EXERCISE OBJECTIVE: Quote, word for word, the line containing "Balenciaga XS Le" and all lines that follow it to the end of the records, with no pictures.

Start of DATASET EXTRACT

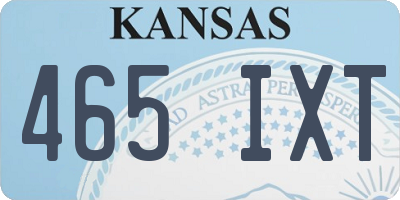KS license plate 465IXT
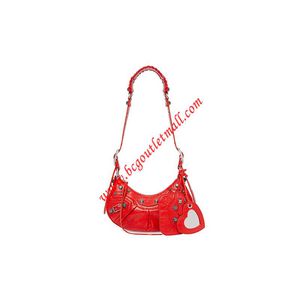 Balenciaga XS Le Cagole Shoulder Bag Embossed Leather In Red/Silver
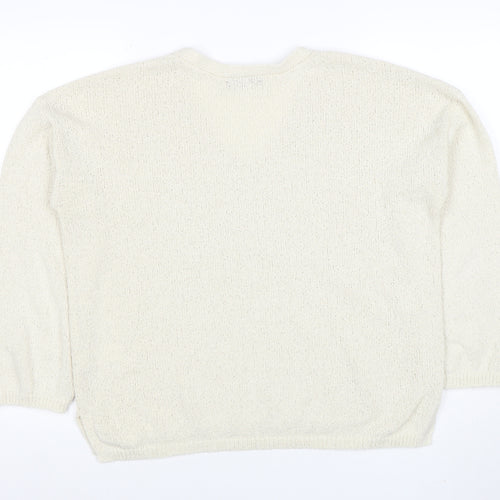 F&F Womens Ivory V-Neck Knit Pullover Jumper Size M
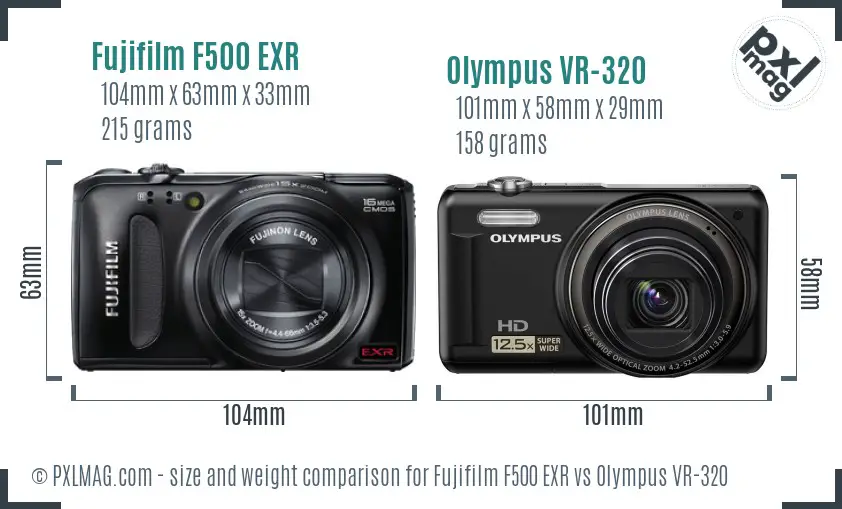 Fujifilm F500 EXR vs Olympus VR-320 size comparison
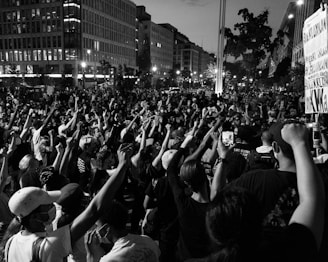 grayscale photo of people on street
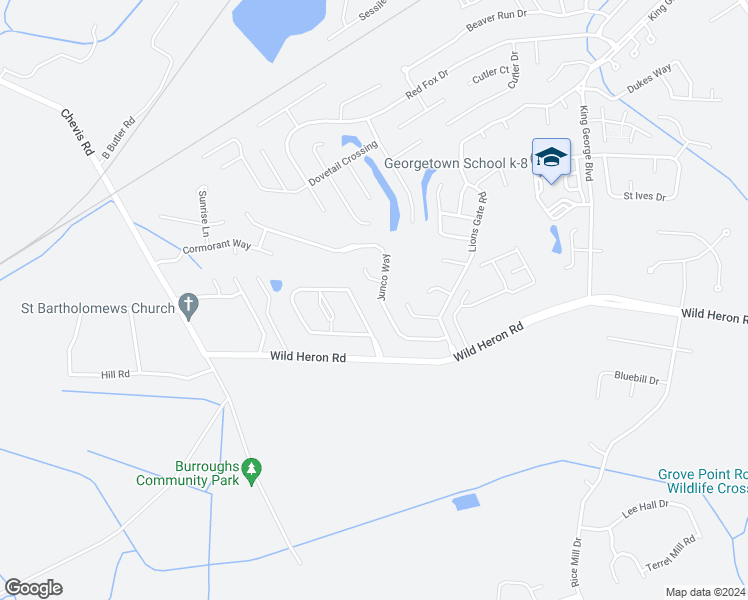 map of restaurants, bars, coffee shops, grocery stores, and more near 131 Junco Way in Savannah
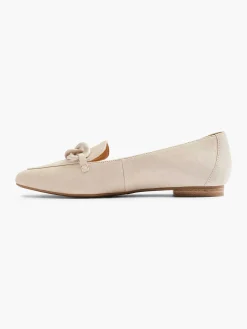 5th Avenue Beige Leren Loafer Sierketting-Dames Instappers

End of DATASET EXTRACT

EXPECTED OUTPUT:
 Balenciaga XS Le Cagole Shoulder Bag Embossed Leather In Red/Silver
 F&F Womens Ivory V-Neck Knit Pullover Jumper Size M
 Fujifilm F500 EXR vs Olympus VR-320 size comparison
 grayscale photo of people on street
 map of restaurants, bars, coffee shops, grocery stores, and more near 131 Junco Way in Savannah
 5th Avenue Beige Leren Loafer Sierketting-Dames Instappers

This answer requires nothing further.